Comparison with existing literature
The 2012 Cochrane analysis only used randomised controlled trials, which may not be the best design to study effectiveness of prevention programmes.1 Most of the studies included in the Cochrane Review were conducted more than 20 years ago, before statins were invented and when modern antihypertensive agents were not in general use. Moreover, most studies included people at low overall cardiovascular risk; many did not specifically include cardiovascular disease risk and were not conducted in primary care.

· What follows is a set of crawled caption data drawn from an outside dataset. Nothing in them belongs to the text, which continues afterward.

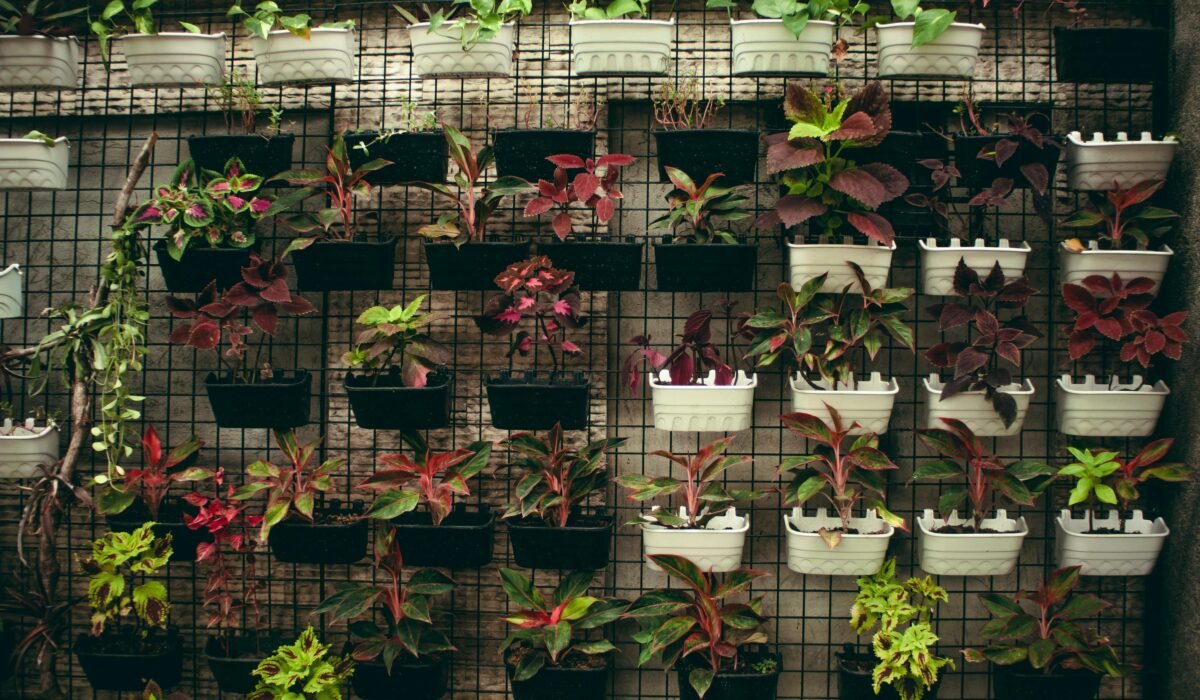 Collection of assorted plants with colorful leaves hanging on wall in plastic flowerpots in floral market with abundance of flowers — Photo by Nothing Ahead on Pexels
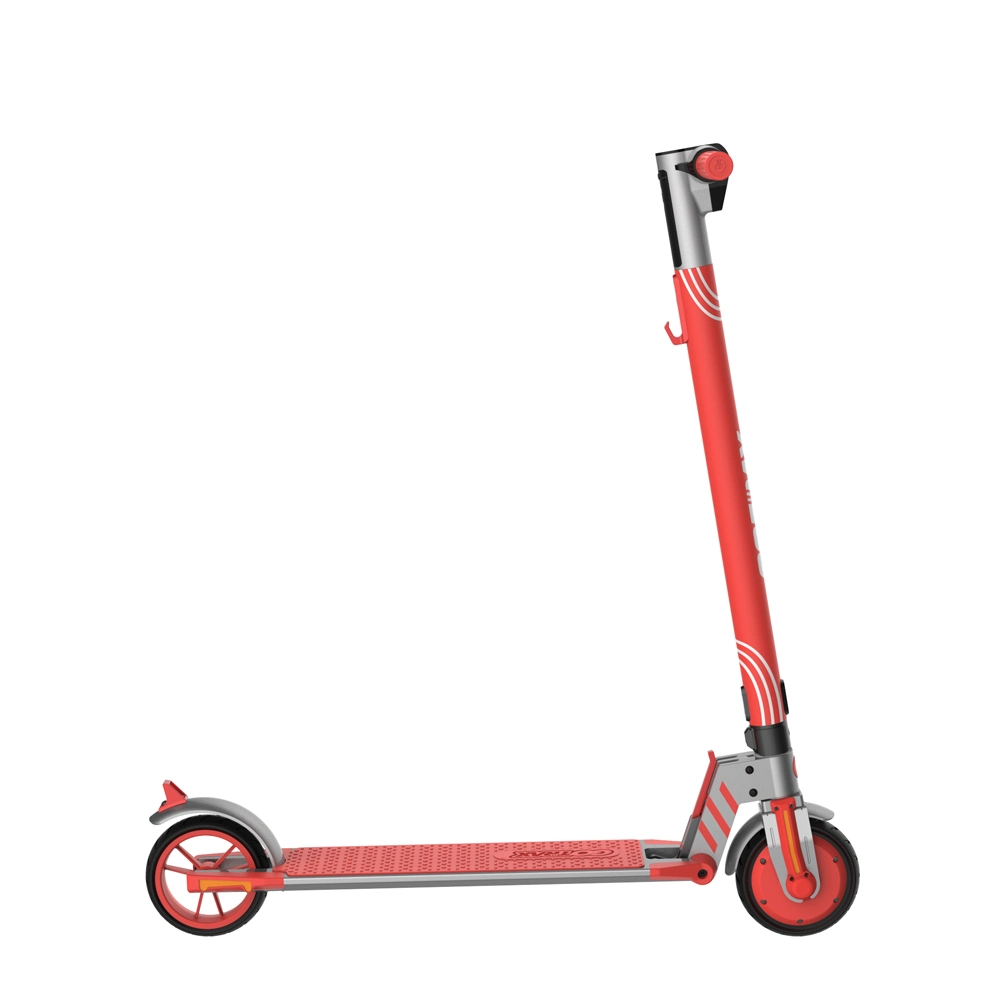 6iinch Solid Tire 36V 250W Electric Scooter for Kids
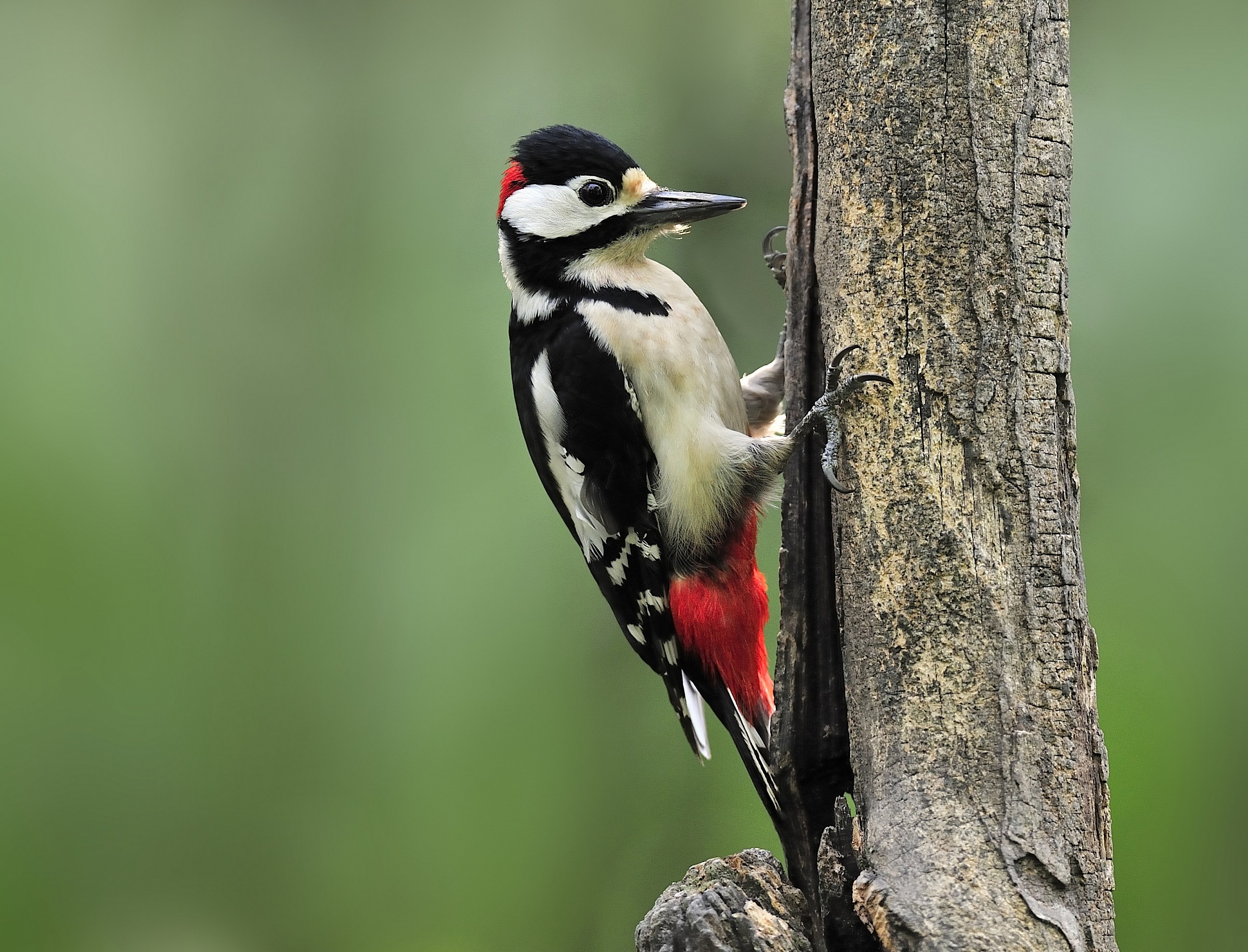 picchio rosso maggiore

The screening programme in the present study was targeted at cardiovascular risk subjects among whom the likelihood of having disease is higher than in the general population. It can therefore be considered reasonable to detect further risk and early signs of cardiovascular disease. The programme also included a patient-centred approach by assessing health-related quality of life before the clinical tests were obtained. A meta-analysis of prospective cohort studies showed that poor self-rated health is strongly associated with mortality, even after adjustment for known comorbidities.5 However, longitudinal follow-up is needed to demonstrate the failure or success of this screening programme.
Implications for clinical practice
The results suggest that in people at increased cardiovascular risk, hypertension, type 2 diabetes, peripheral arterial disease, or renal insufficiency are frequent. Although these diseases have often been regarded as symptomless, participants more often had a sense of generally poorer health than the participants who were truly healthy with regard to these conditions. The value of self-rated health as an independent predictor of mortality5,6 and the results of the present study suggest that this may be due to undiagnosed comorbidities. Self-rated health may therefore be important to include in screening programmes.
Acknowledgments
The study was conducted in Harjavalta Health Center, at the Central Satakunta Health Federation of Municipalities.
Funding
Satakunta Hospital District provided financial support for the statistical analysis.
Ethical approval
The study protocol and consent forms were reviewed and approved by the Ethics Committee of Satakunta Hospital District.
Provenance
Freely submitted; externally peer reviewed.
Competing interests
The authors have declared no competing interests.